Panel gets decision right, but misses mark on RDNH.
Burn World-Wide, Ltd. d/b/a BGT Partners of Miami, Florida, has lost a UDRP case to get the domain name BGT.com from Banta Global Turnkey Ltd, which is now part of RR Donnelly.
The facts of the case are pretty egregious. Banta was founded well before BGT Partners and even registered the domain name before BGT Partners was formed. The three person arbitration panel found that the domain name wasn’t registered and used in bad faith. But shockingly, it did not find that BGT Partners attempted reverse domain name hijacking by bringing the case.
Up front, the panel wrote that the circumstances of the case would normally constitute RDNH:
Such a finding would normally follow having regard to the longevity of the Respondent’s registration of the disputed domain name, commencing many years before the Complainant adopted its trademark.
But then it tries to rationalize why that isn’t the case here:
A number of considerations, however, lead to the conclusion that such a finding is not warranted in the present case.
First, in addition to its use for the portal, web mail and ftp server services historically provided by the Respondent, the disputed domain name has resolved since 2007 to the website which mirrors RR Donnelly’s general website which promotes a range of goods and services much wider than the activities historically conducted by the Respondent. This change was consequent on RR Donnelly acquiring Banta Corporation. It is arguable, as the Complainant contends, that the usage in relation to at least some aspects of that website may infringe the Complainant’s rights. The Panel, however, expresses no concluded view on that question in view of its findings above. Nonetheless, the Respondent has not adequately explained why the disputed domain name resolves to such a general website rather than one related to the specific services comprised in the Respondent’s business.

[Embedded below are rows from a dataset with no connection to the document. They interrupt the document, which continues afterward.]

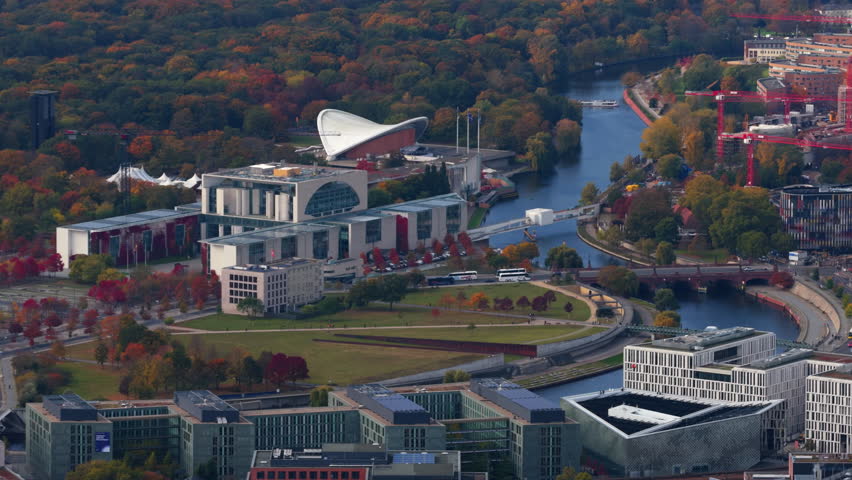Aerial video capturing German Chancellery, Spree River, and government district in Berlin on a vibrant autumn afternoon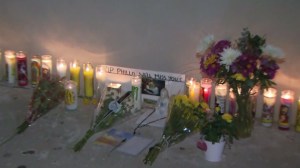 A memorial for Philomene Ragni was established near his high school in Granada Hills on Feb. 19, 2015. He was fatally struck by a truck while riding a bicycle the previous day. (Credit: KTLA)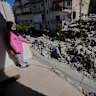A woman looks through her damaged apartment that was hit a few weeks ago by an Israeli air strike in the southern city of Tyre.
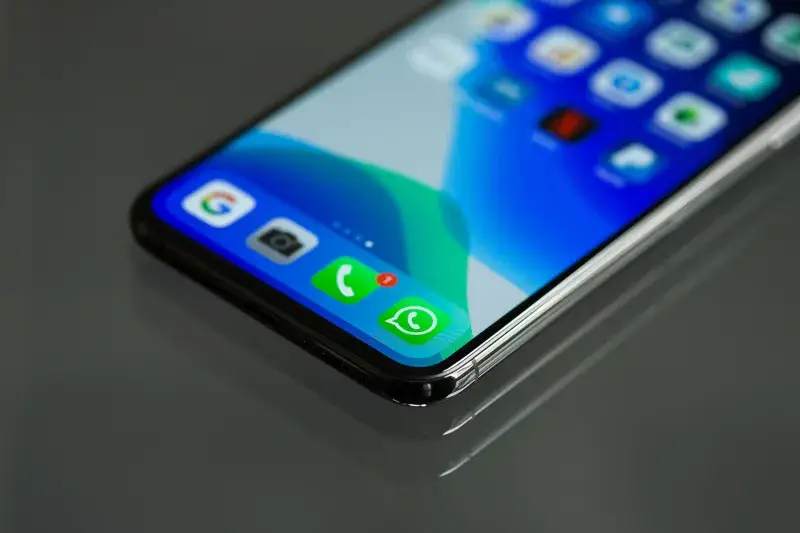 Primer plano de la pantalla de un smartphone mostrando varios iconos de aplicaciones, incluido WhatsApp.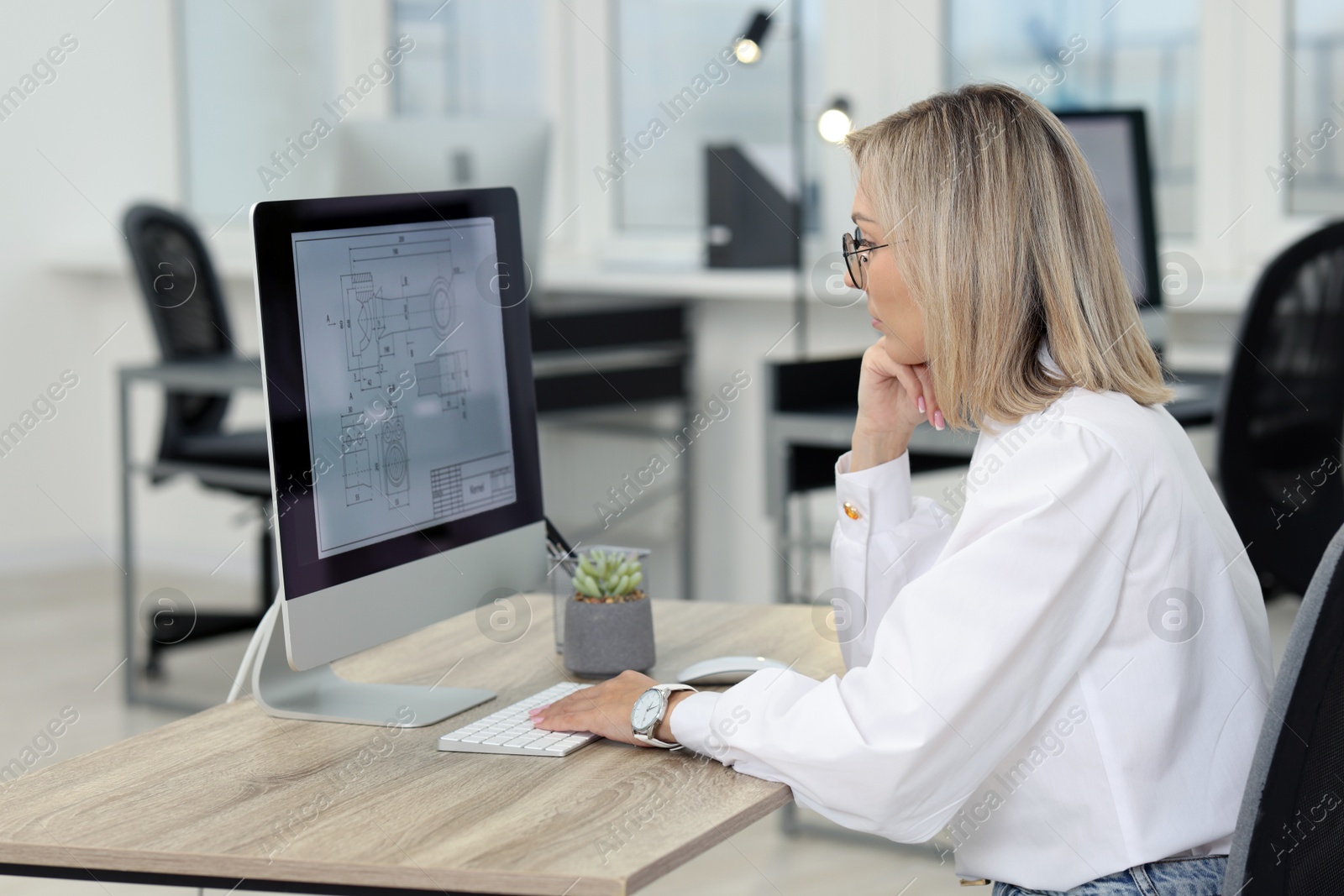 Photo of Technician making digital engineering drawing on computer at desk in office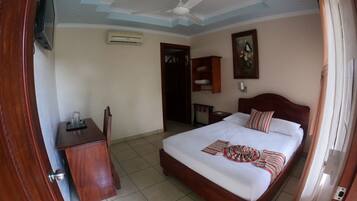 A hotel room with a bed, a desk, a chair, a ceiling fan, an air conditioning unit, and a painting on the wall.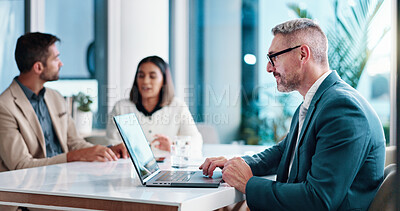 Buy stock photo Economist, meeting or businessman on laptop in office for feedback, financial planning and company. People, discussion and finance advisor for revenue growth, investment report and corporate review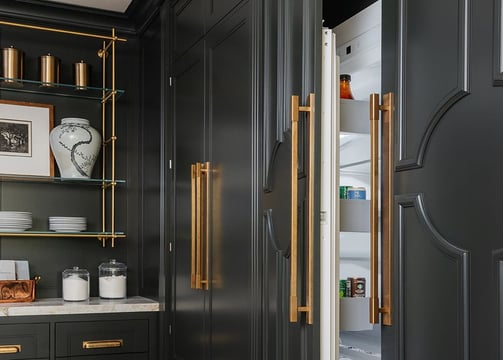 a kitchen with black cabinets and gold accents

Moreover, the Complainant was not in a position to ascertain that the Respondent was continuing to provide its services through the disputed domain name as it would appear that knowledge of the specific subdomains being used by the Respondent, and possibly appropriate passwords, was required.
Thirdly, the Octogen and Mummygold cases could be seen as at least opening the door to the Complainant’s claim.
That’s pretty weak. Note the mention of the Octogen cases that the complainant brought up. This is the newly popular theory amongst some panelists that a domain name doesn’t have to be registered in bad faith; only used in bad faith.